The Pharmacist of Auschwitz is a moving saga that lingers long after the final page. Set against a backdrop ranging from Hitler’s war to conquer Europe to the Final Solution to postwar Germany’s tormented efforts to confront its dark past, Posner shows the appalling depths to which ordinary men descend when they are unrestrained by conscience or any sense of morality. She has long been been fascinated by the mostly untold story of Victor Capesius, an ethnic German from Romania who ended up as the chief pharmacist at Auschwitz. It is told through Nazi henchmen and industrialists turned war criminals, intelligence agents and zealous prosecutors, and intrepid concentration camp survivors and Nazi hunters. The story is one of murder and greed with its roots in the dark heart of the Holocaust. Victor Capesius was a Nazi SS-Sturmbannfhrer (Major) and KZ-Apotheker (concentration camp pharmacist) in the concentration camps of Dachau (19431944) and.

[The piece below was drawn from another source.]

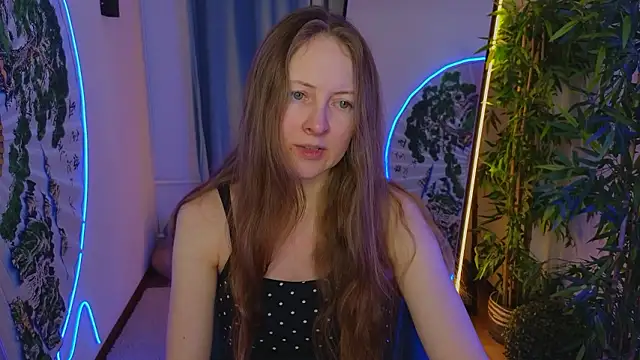 Snapshot of freya_nilsson chatting on December 7, 3:52 pm freya nilsson online show from December 7, 3:52 pm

The Pharmacist of Auschwitz by Patricia Posner

Farben, and its Bayer pharmaceutical subsidiary. It provides a spellbinding glimpse inside the devil’s pact made between the Nazis and Germany’s largest conglomerate, I.G. The Pharmacist of Auschwitz is the little known story of Victor Capesius. The Pharmacist of Auschwitz is much more, though, than a personal account of Capesius. What do readers say about The Pharmacist of Auschwitz. The Pharmacist of Auschwitz is the little known story of Victor Capesius, a Bayer pharmaceutical salesman from Romania who, at the age of 35, joined the Nazi SS in 1943 and quickly became the chief pharmacist at the largest death camp, Auschwitz.īased in part on previously classified documents, Patricia Posner exposes Capesius’s reign of terror at the camp, his escape from justice, fueled in part by his theft of gold ripped from the mouths of corpses, and how a handful of courageous survivors and a single brave prosecutor finally brought him to trial for murder twenty years after the end of the war.